# Aldis 2 Month Old Colt



## HorseLovinLady (Jul 18, 2011)

Awww he's a cutie!! Such a big boy too.


----------



## Skyseternalangel (Jul 23, 2011)

He's a biiiig boy, my goodness! Name?

That's a really cute foal bridle (well.. halter bridle..) by the way


----------



## BigGirlsRideWarmbloods (Mar 28, 2010)

Skyseternalangel said:


> He's a biiiig boy, my goodness! Name?
> 
> That's a really cute foal bridle (well.. halter bridle..) by the way


It's an English Show Halter used for showing foals in-hand for suitability breeding or breed inspections. While they're not required, only a "leather halter" is required, I just think it makes him look more .. refined?

Show Halter

His name is _Coinin Dearg O'Donnell_. Coinin Dearg is Irish for red rabbit or the name of my farm, Scarlet Hare Farm. O'Donnell as his sire is Snowford O'Donnell RID, but I just call him _Aldis_.

He is a big ol' goof ball. He is bred for Dressage but I think he's going to make a tremendous eventer. His is a big ol goofy ball filled with movement and courage. I couldn't ask for a nicer boy.


----------



## Skyseternalangel (Jul 23, 2011)

BigGirlsRideWarmbloods said:


> It's an English Show Halter used for showing foals in-hand for suitability breeding or breed inspections. While they're not required, only a "leather halter" is required, I just think it makes him look more .. refined?
> 
> Show Halter
> 
> ...



Yes it makes him look so dapper and polished! And what a nice name! 

He's a nice baby boy, he'll be something when he's older! How will his height be when he's matured, btw?


----------



## kim_angel (Oct 16, 2007)

What a pretty face!!


----------



## Snizard93 (Oct 12, 2011)

Wow what a gorgeous baby!


----------



## BigGirlsRideWarmbloods (Mar 28, 2010)

Dad is 16.1 and mom is 16.2 3/4, She is JUST under 16.3 but falls just short.
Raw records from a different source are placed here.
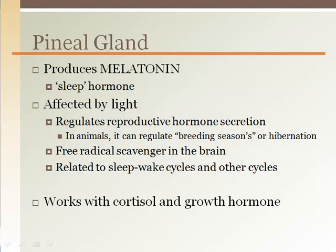Melatonin affects the circadian rhythm, or 24-hour body clock, regulating our sleep-wake cycles. In animals, it also plays a role in seasonal behavior such as mating or hibernation, based on the seasonal changes in daylight exposure.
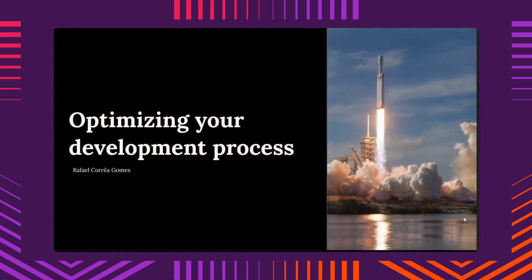Hello everyone. In my presentation today we'll be talking about optimizing your development process. I will be sharing some insights I've had since the beginning of my career, and the process I developed over the years — mainly how I detect the main points that must be optimized in the process, not just for myself but for the entire team as well once a solution is validated.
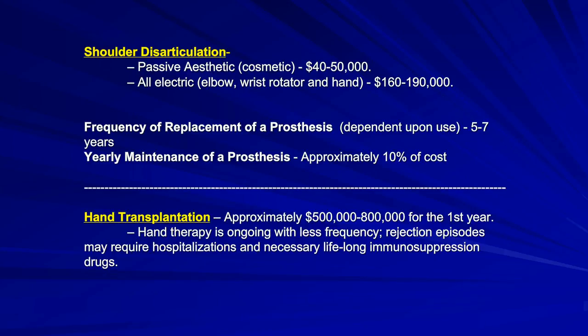When looking at the life care plan, replacement frequency of a prosthesis dependent upon use is anywhere from five to seven years, and yearly maintenance is approximately 10% of the cost. Hand transplantation costs approximately $500,000–$800,000 for the first year. Many of these procedures have been underwritten by the university where they were performed so surgeons could learn. Up to 18 surgeons are required for a hand transplant because of the many issues involved — not only bone but also nerves, circulation system, and skin.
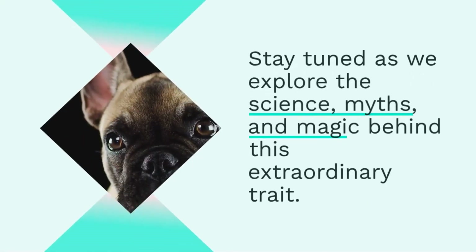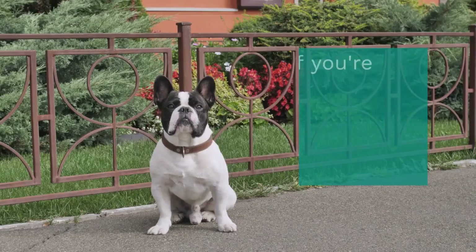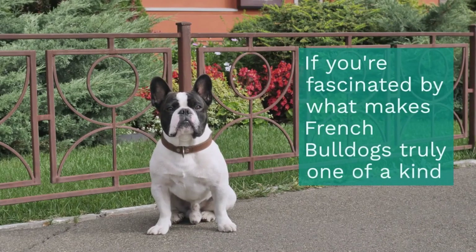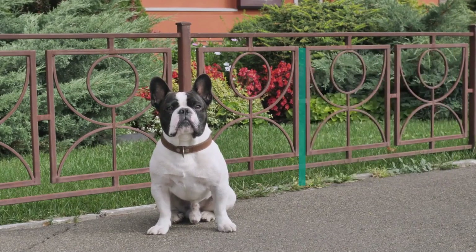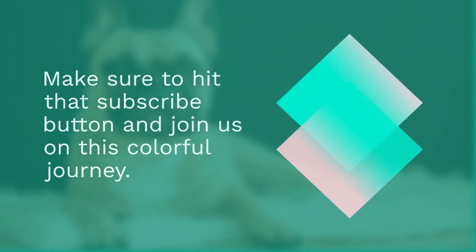Stay tuned as we explore the science, myths, and magic behind this extraordinary trait. If you're fascinated by what makes French Bulldogs truly one of a kind, make sure to hit that subscribe button and join us on this colorful journey.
So he should be at least 16.1 but it wouldnt surprise me if he did get to 16.3.



Skyseternalangel said:


> Yes it makes him look so dapper and polished! And what a nice name!
> 
> He's a nice baby boy, he'll be something when he's older! How will his height be when he's matured, btw?


----------



## CLaPorte432 (Jan 3, 2012)

Holy smokes is he a BIG boy! OMG.


----------



## Skyseternalangel (Jul 23, 2011)

He's definitely going to be a very nice horse!



CLaPorte432 said:


> Holy smokes is he a BIG boy! OMG.


That's what she said.. (kidding)


----------



## Tejas (Jan 31, 2011)

What a hunky boy! I hope we get to watch him grow up!!


----------



## CLaPorte432 (Jan 3, 2012)

Skyseternalangel said:


> That's what she said.. (kidding)


No, that's what she'd like to say... :rofl:


----------



## BigGirlsRideWarmbloods (Mar 28, 2010)

Thank you everyone! He is an absolute joy.
Here are a couple more from yesterday!



















Aldis and I; I'm 5' 10".









His rain gutter butt from behind.


----------



## Jumperforjoy (Mar 8, 2012)

Oh boy he is a handsome GROWING boy! I think you are right he is going to be big! 

If you ever get bored of him u are welcome to send him up here :wink: :lol:


----------



## Country Woman (Dec 14, 2011)

very handsome boy


----------



## BigGirlsRideWarmbloods (Mar 28, 2010)

I was looking at a growth chart this weekend that said warmbloods and drafts have usually only about 60-74% of their growth done by the time they are 2 months old.

He is roughly 13.2 hands now, which using the low side of that figure puts him at 18 hh at full grown. I dont think he'll be anywhere near 18 hands but I do think he might top his parents at 16.3-17 hh.

My farrier was out Fridayand she hasn't seen him in 8 week, and said that if she didn't know his breed or parents she would have sworn he was a yearling QH. 

**** yo.
_Posted via Mobile Device_


----------



## paintluver (Apr 5, 2007)

Wow he is a handsome fella!


----------



## Kayty (Sep 8, 2009)

What a lovely looking boy, is he part draught? He's certainly got a large 'noggin' on him!! 
As for growth rates - also bare in mind that they all grow at different rates. If I used that formula for my hano youngster, he would be set to finish at 17.2hh, which as a maiden by out of a 16.1hh TB mare and a 16.3hh hano sire that tends to throw fairly small to smaller mares, is just not going to happen


----------



## Walkamile (Dec 29, 2008)

Handsome boy! Love the markings on his face. Please keep us updated on his growth.


----------



## BigGirlsRideWarmbloods (Mar 28, 2010)

He is half Irish draught (Sire: Snowford O'Donnell RID) and half Swedish Warmblood (Traditional/Heavier European style, my mare Julep) 

I know he's not going to be 18 hh  but yes he's going to still be big!
_Posted via Mobile Device_


----------



## Walkamile (Dec 29, 2008)

If you are disappointed that he will not be 18h, I will be very happy to take him off your hands. 

Looked at the pictures again, and I like him even more!


----------



## BigGirlsRideWarmbloods (Mar 28, 2010)

No no! Not disappointed at all, I was making fun of the outrageous math more than anything. He's mine! All mine!
_Posted via Mobile Device_


----------